Video assetization is still in its early days. Longer contexts (3+ hours), richer multimodal conditioning (multiple entities, each with dozens of reference images), and extending the same structured-extraction framing beyond video to other containerized assets like audio and podcasts — these are what we're building next.

The bigger challenge, though, is building an evaluation framework that scales alongside the capabilities. As video-language models grow more capable, failure modes get more subtle, and evaluation has to get sharper to keep up.

Most enterprise video archives still go untouched. Extracting value from them isn't just about better models. It's about being able to measure whether the model is actually finding the right moments — and describing them correctly.

Broadcasters, sports leagues, media companies, and enterprise platforms sit on petabyte-scale video archives. Most of that content is what we call dark video — it exists, but you can't search it, it isn't structured, and you can't operate on it at the level of meaning.

The reason is almost embarrassingly simple: video isn't text. You can't grep a video file, and SELECT * FROM video WHERE scene = 'scoring_play' isn't a thing. For video to carry economic value, it first has to be broken down into structured segments and machine-readable metadata. We call this video assetization.

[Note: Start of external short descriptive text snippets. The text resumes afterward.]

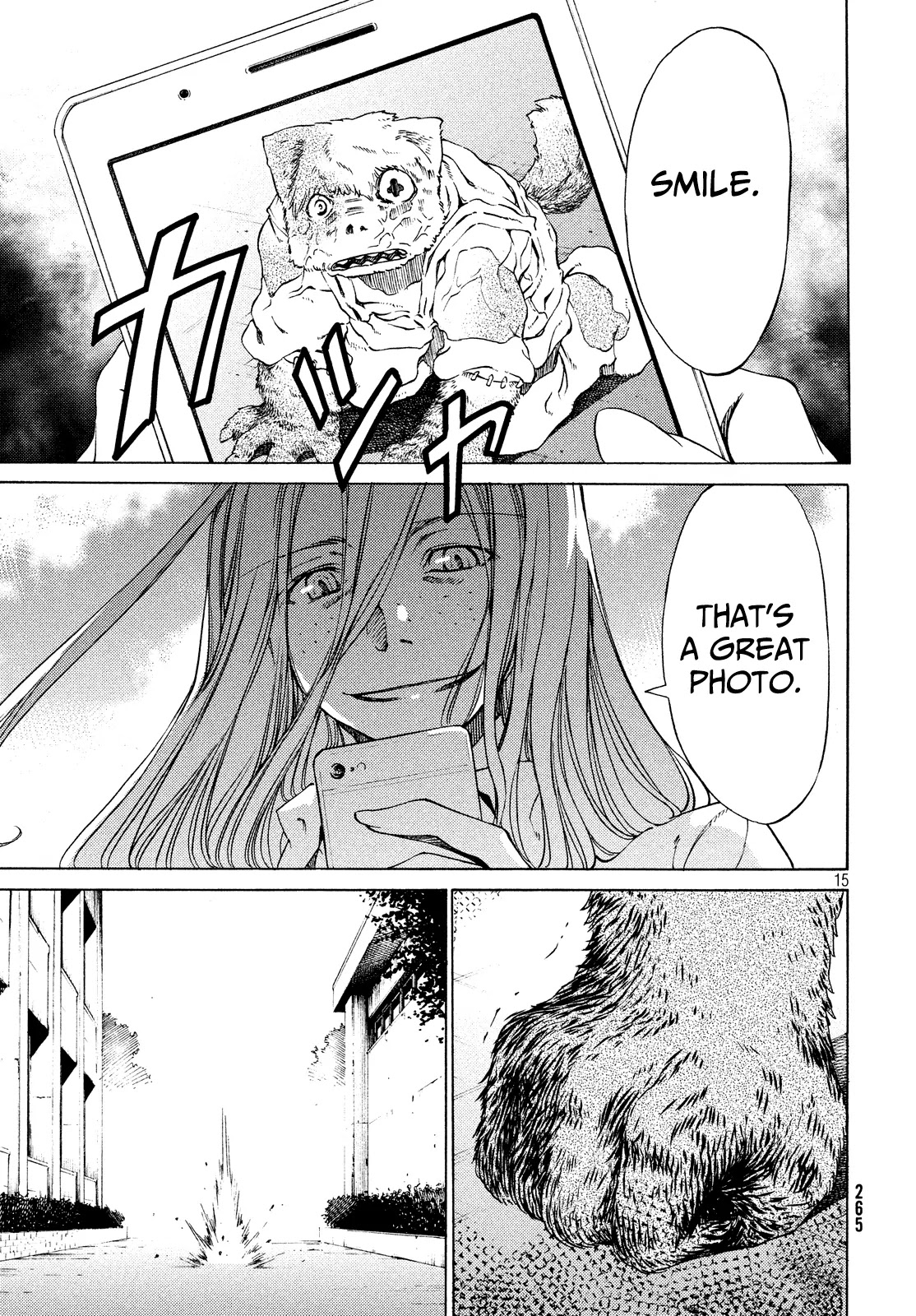 Gleipnir Chapter 2 page 15 - Chapter 2: Lend Me Your Power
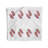 Donnington Polyester Geometric Square Napkin-16857645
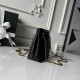 Replica di lusso Borse shopping piccola Chanel 26S AS6248 Nero Imitazioni Cloni Borse Replica shopping piccola Chanel 26S AS6248 Nero firmate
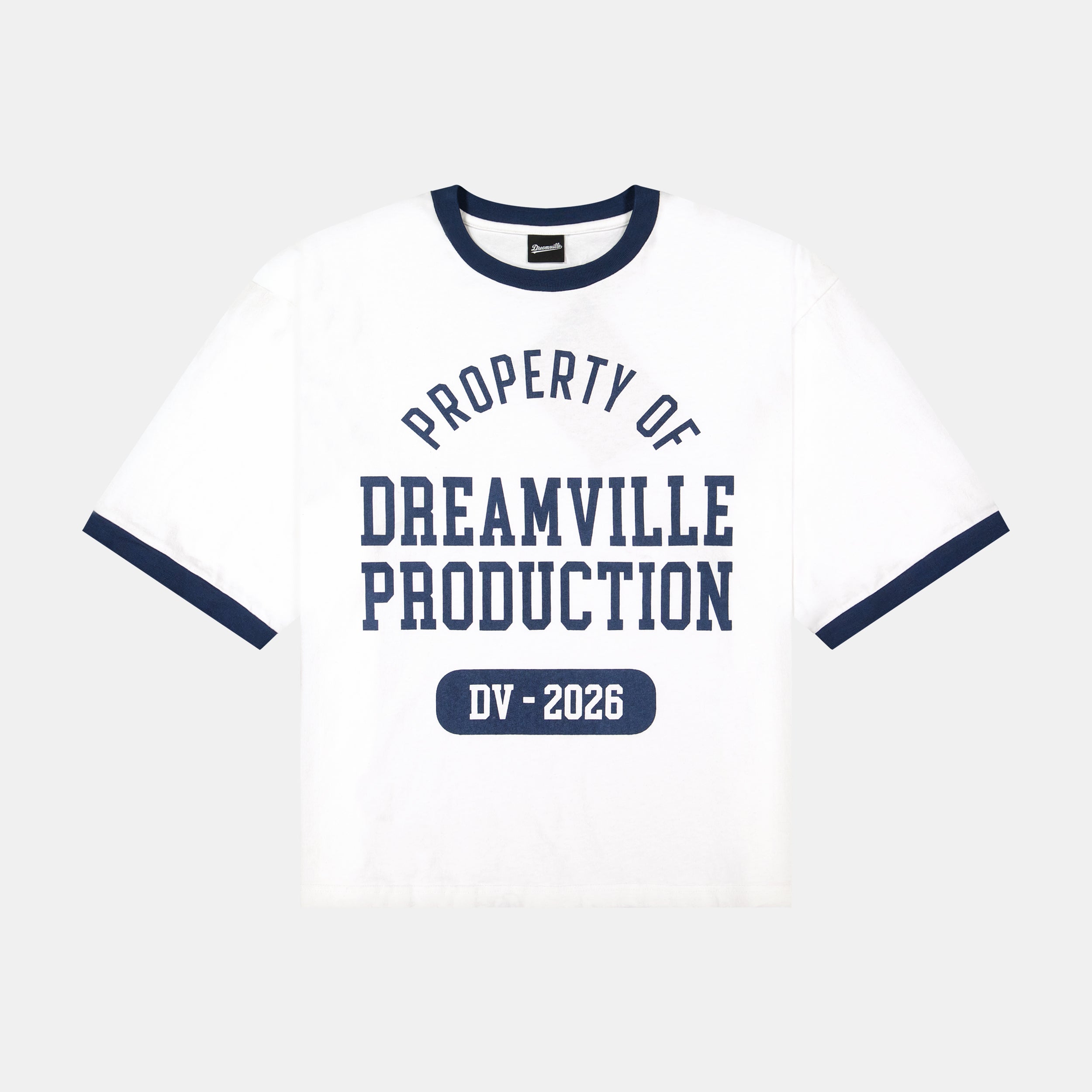 DV RINGER TEE INDIGO – Dreamville Official Store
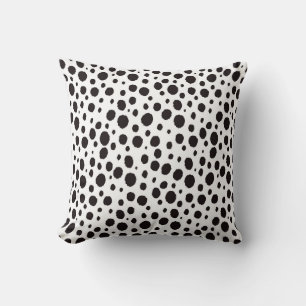 Leopard Print Vintage Seamless Design Cushion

This post is the story of how we've built Time-Based Metadata (TBM) and the evaluation system around it. One thing has become clear along the way: designing and evaluating temporally-grounded video understanding requires a different approach from what works for text or image models.


1. The Assetization Gap: What Customers Actually Want

Picture a broadcaster managing a 200,000-hour news archive. Today, that work is done by hand. Archivists manually log each segment, tag stories, identify speakers, and mark topic boundaries. It costs roughly $15 per hour of video, and budgets are shrinking. This simply doesn't scale.

Or take a CPG brand trying to track its product placements across thousands of influencer videos. They need every moment a creator speaks to camera while the product is on screen. It's not enough to know the product appeared — they need to know exactly when, how prominently, and in what context.

These aren't hypotheticals. Broadcast archive management, sports highlight automation, brand intelligence, compliance auditing — nearly every enterprise video workload we encounter demands two independent things at once:

  1. Precise temporal boundaries: where does each segment start and end?

  2. Schema-conforming structured metadata: what happened inside that segment?

Ask most video-language models today "what's happening in this video?" and you'll get a fluent paragraph back. But the moment you ask for "the start/end timestamps of every editorial narrative, with structured fields for topic, speaker, and confidence," you quickly discover that general video reasoning and production-grade segmentation are very different problems.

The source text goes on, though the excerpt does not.